Evening Drama

Here’s another simple but effective way to capture a very high contrast image without resorting to HDR techniques. Not that I have anything serious against HDR, but I find it very rewarding to be able to capture a shot like this “in camera”.

Yes, I know I’m an old fuddy-duddy but hey, I earned every one of those gray hairs.

Evening Drama

Evening Drama – Johnson City, Texas
Copyright © 2010 Jeff Lynch Photography
Shot taken with a Canon EOS 5D Mark II set on aperture (Av) priority using an EF 17-40mm f/4L USM lens tripod mounted. The exposure was taken at 19mm, f/16 for 1/6th of a second at ISO 200 with a Singh-Ray warming polarizer filter and 2-stop graduated neutral density filter. Post capture processing was done in Adobe’s Lightroom 3.

Click on the image above for a larger version.

View Location on Panoramio & Google Earth: Evening Drama – Johnson City, Texas

How to Get this Type of Shot
The key to getting this type of shot is to recognize that the dynamic range of this scene is well beyond what your camera’s metering system can handle. In fact, the dark-to-light-to-dark pattern found in this scene is sure to fool your camera’s meter most of the time.

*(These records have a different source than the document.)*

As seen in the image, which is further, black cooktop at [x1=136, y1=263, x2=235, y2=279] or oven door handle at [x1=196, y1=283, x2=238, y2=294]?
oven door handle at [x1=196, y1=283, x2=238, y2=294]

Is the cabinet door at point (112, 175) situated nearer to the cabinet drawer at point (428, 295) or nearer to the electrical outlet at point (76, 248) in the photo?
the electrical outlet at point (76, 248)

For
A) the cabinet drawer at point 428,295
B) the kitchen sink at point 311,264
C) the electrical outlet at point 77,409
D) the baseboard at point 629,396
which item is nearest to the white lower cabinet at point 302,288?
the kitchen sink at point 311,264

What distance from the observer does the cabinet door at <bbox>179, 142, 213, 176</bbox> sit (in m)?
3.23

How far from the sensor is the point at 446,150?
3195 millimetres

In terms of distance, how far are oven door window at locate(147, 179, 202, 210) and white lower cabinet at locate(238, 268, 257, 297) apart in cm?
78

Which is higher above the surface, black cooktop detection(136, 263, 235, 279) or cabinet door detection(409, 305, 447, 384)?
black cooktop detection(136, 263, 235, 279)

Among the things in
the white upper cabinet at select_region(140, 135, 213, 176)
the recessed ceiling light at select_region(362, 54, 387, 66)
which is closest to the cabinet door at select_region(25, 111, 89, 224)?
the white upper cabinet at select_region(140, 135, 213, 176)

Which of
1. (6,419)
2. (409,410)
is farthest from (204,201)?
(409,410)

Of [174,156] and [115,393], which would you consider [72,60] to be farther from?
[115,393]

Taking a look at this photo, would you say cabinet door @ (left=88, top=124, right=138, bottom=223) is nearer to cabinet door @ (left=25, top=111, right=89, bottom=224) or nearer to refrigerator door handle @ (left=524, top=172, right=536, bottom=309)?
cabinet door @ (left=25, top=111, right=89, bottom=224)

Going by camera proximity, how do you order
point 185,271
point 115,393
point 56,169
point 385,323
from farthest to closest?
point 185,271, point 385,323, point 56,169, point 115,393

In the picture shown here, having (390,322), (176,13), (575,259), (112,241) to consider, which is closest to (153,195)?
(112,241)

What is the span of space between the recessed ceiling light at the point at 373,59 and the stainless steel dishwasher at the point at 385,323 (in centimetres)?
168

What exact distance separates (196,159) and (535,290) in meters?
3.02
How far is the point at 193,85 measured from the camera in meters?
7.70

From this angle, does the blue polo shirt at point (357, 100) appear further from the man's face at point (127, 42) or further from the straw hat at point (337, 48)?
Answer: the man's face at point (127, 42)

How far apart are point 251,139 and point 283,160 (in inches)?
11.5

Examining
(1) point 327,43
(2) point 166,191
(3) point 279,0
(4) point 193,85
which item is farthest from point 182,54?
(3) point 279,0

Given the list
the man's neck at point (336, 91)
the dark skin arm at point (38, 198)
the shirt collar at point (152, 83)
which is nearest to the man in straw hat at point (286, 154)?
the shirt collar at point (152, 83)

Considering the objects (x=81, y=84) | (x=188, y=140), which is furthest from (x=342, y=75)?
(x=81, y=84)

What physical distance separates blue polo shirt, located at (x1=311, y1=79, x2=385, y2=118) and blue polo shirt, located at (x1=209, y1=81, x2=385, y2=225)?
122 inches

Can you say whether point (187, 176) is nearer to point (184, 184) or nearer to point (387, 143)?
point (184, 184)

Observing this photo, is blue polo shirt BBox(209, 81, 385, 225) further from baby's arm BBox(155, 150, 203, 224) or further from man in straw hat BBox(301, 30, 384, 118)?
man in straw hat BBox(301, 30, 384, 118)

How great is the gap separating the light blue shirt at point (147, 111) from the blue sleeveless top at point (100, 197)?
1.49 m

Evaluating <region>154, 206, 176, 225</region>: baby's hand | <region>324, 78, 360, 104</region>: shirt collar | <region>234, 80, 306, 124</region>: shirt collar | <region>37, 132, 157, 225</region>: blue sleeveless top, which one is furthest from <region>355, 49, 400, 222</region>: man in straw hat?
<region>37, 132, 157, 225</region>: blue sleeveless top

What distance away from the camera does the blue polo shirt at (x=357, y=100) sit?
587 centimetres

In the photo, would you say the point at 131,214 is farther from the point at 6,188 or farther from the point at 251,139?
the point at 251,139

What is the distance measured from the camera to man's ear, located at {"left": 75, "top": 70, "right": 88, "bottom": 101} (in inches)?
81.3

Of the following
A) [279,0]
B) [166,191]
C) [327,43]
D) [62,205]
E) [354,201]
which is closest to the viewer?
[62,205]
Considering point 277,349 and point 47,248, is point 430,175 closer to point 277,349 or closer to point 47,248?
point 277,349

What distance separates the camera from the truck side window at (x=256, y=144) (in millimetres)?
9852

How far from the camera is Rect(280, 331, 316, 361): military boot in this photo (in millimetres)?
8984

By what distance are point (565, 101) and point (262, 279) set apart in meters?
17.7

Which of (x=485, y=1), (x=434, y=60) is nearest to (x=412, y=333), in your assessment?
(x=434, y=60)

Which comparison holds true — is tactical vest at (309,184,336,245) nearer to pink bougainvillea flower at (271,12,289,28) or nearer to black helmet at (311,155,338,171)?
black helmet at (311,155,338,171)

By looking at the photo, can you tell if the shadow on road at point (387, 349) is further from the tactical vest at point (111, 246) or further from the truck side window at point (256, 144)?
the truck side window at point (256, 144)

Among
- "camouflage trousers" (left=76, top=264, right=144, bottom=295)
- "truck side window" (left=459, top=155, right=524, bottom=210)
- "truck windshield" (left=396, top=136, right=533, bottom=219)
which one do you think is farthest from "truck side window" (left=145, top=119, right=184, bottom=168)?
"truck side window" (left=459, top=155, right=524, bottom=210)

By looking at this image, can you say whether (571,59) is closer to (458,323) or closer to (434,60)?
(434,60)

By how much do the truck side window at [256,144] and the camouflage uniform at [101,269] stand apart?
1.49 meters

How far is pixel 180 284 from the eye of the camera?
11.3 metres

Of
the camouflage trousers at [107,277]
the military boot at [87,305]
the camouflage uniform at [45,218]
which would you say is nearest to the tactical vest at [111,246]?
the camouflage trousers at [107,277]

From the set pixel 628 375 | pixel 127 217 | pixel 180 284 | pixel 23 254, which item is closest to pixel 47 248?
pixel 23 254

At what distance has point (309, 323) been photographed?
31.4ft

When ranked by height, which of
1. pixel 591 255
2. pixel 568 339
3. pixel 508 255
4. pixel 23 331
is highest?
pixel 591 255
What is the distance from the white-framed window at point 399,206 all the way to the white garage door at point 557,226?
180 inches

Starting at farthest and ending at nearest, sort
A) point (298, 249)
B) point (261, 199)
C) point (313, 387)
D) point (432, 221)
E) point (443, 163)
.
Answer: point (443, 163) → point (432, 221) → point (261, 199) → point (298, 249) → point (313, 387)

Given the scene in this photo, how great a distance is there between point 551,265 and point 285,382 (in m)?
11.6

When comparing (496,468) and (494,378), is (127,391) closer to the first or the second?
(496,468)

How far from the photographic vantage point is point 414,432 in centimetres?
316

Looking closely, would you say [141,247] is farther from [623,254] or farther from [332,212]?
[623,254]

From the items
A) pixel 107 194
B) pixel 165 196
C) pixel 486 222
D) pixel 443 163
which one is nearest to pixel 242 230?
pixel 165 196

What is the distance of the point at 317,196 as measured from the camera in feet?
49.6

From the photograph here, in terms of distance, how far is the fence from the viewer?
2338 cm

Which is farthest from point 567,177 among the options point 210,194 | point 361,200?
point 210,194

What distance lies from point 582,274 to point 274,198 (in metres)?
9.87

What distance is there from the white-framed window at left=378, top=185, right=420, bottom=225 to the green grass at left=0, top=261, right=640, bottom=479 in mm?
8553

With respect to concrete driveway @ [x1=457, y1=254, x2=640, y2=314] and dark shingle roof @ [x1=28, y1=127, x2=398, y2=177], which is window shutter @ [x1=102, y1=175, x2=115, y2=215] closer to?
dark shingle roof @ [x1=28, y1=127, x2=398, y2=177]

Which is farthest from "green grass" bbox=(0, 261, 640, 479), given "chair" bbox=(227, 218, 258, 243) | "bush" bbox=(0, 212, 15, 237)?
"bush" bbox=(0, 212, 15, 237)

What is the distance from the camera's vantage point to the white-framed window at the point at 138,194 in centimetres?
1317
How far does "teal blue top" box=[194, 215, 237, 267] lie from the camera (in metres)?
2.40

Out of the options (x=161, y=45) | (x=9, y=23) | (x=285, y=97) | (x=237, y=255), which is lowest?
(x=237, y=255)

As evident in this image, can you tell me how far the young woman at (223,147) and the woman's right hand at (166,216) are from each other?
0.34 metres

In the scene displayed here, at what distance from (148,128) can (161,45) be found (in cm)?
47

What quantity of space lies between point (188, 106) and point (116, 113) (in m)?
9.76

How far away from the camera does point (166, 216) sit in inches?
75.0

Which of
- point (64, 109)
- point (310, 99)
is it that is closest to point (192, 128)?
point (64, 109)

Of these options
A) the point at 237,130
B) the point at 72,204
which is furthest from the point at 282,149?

  • For Canon shooters this type of situation call for enabling your camera’s Highlight Tone Priority setting which “shifts” the sensor’s response curve (dynamic range) so that gradations between highlight tones become smoother. It also helps recover blown-out highlights as you can see in the center of this shot. You should always have your camera’s highlight warning (blinkies) turned on as well.
  • Another key is to use a graduated neutral density filter to “even out” the exposure values between the foreground, middle ground and background. I prefer to hand-hold Singh-Ray’s “soft” graduated ND filters and move them slightly during the exposure to obtain an even softer transition. Yes, this may create some dark areas in your image that need some post-capture work since an ND-Grad filter won’t follow the broken shape of your scene’s horizon.
  • The final key is to slightly underexpose this type of shot to add drama to the clouds and add saturation to the colors in the scene. If you overexpose a shot like this the highlights will be completely blown out and all the detail will be lost forever. No amount of post-capture processing can recover blown out highlights because there is simply no data to recover. I generally underexpose a shot like this about two-thirds of a stop to prevent this from happening.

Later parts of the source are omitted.